Никита скинул свои сандалики, поставил, как смог, ровно и пошел внутрь, куда было велено. В палате пустовало несколько кроватей, хотя она и так была не такой уж большой.
Наверное, срок жизни на детской даче у малышей был поменьше, и их уже начали разбирать родители. Он увидел всего трех малышей, а в отдалении у кровати кое-кого побольше. Знакомая черная шевелюра! Это же Юрка!
Действительно, это был он. Закадычный приятель по детсаду (это с ним они потом учились еще и в школе), который на этой летней даче оказался в другой палате. Никита виделся с ним время от времени, но уж больно далеко располагался от их места расположения Юркин отряд. За эти три недели перекинулись парой слов, не более.
— Что, тоже отправили сюда? — спросил Никита.
— Не отправили. Сам напросился. Там один из наших очень сильно хотел пойти к старшим, я с ним и поменялся по своему желанию. А зачем там было оставаться? Смотри, как здесь хорошо.
Да, и в самом деле было удобно. Светлая палата никак не походила на вечный сумрак того помещения, в котором Никита проводил дни и ночи с того времени, как сюда приехал.
— Бери себе любую кровать, — по-хозяйски распоряжался Юрка. — Вон хотя бы ту, спинкой к окну. И смотреть есть куда, и свежий ветерок дует, если жарко.
Никита попробовал кровать. Вроде ничего. Лег, полежал. Хорошо, не в пример мягче привычной уже панцирной. У малышей и кровати были свои, особые. Маловата, конечно, по росту, ноги в спинку упираются, ну да ничего, ноги можно и подогнуть, так еще уютнее спать будет.
Он задвинул чемодан под кровать, и они с Юркой отправились к Татьяне Федоровне.
Заняться было нечем, поэтому она предложила им пока погулять по даче.

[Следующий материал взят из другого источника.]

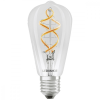Ledvance E27 ST64 LED izzó 4.5W = 30W 2700K Meleg RGB 300lm 300° LEDVANCE SMART+ WIFI izzószál szabályozható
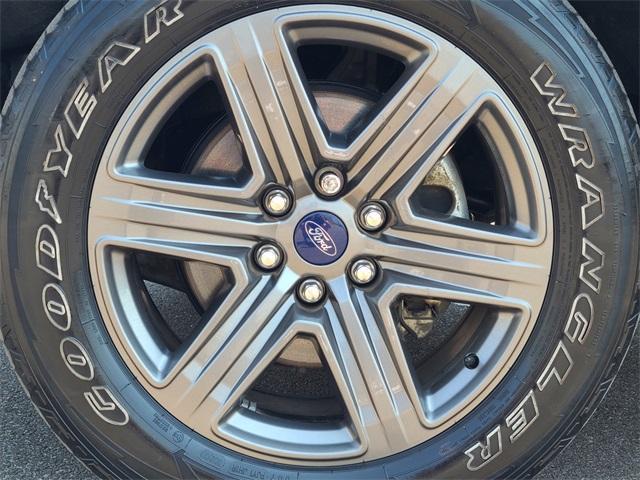 used 2020 Ford F-150 car, priced at $25,412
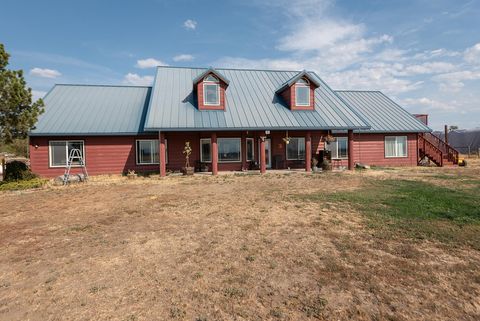 15990 SW Culver Highway Culver OR 97734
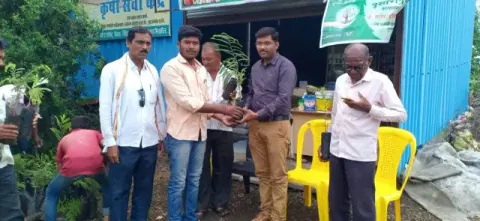 Tree Plantation 2019 – Latur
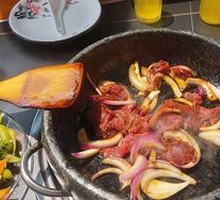 Hand-Cut Beef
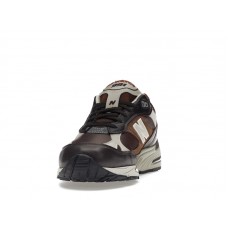 Кроссовки New Balance 991 MiUK French Roast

— Не забывайте, обед на полчаса раньше, чем у вас было принято.
Хорошо, однако, быть маленьким. Молодым везде у нас дорога. Даже питание вперед всех.
Никита с Юркой пошли болтаться по территории, глядеть, как там устроились остальные, попавшие в старшие отряды. Тревога и тоска, владевшие ими все эти дни, вдруг отступили. Потеряв в статусе, они словно оказались вне общих правил игры. «Как все просто, — думал Никита. — Всего-то и нужно было для нормальной жизни стать маленьким. Даже Татьяна Федоровна и та относится к ним совсем по-другому, почти по-доброму».
Словно в подтверждение этих мыслей, они с Юркой услышали из ближайших палат звук возни и даже ударов, крики и всхлипывания. Старшие продолжали ставить на место поступивший в их распоряжение молодняк. Они с Юркой многозначительно переглянулись — «да, не прогадали».
Походив еще немного от одного корпуса к другому, они столкнулись вдруг с Димой Матюшиным, решительно тащившим куда-то свой чемодан. На скуле у Димы явно намечался синяк. Но настрой был боевой и решительный.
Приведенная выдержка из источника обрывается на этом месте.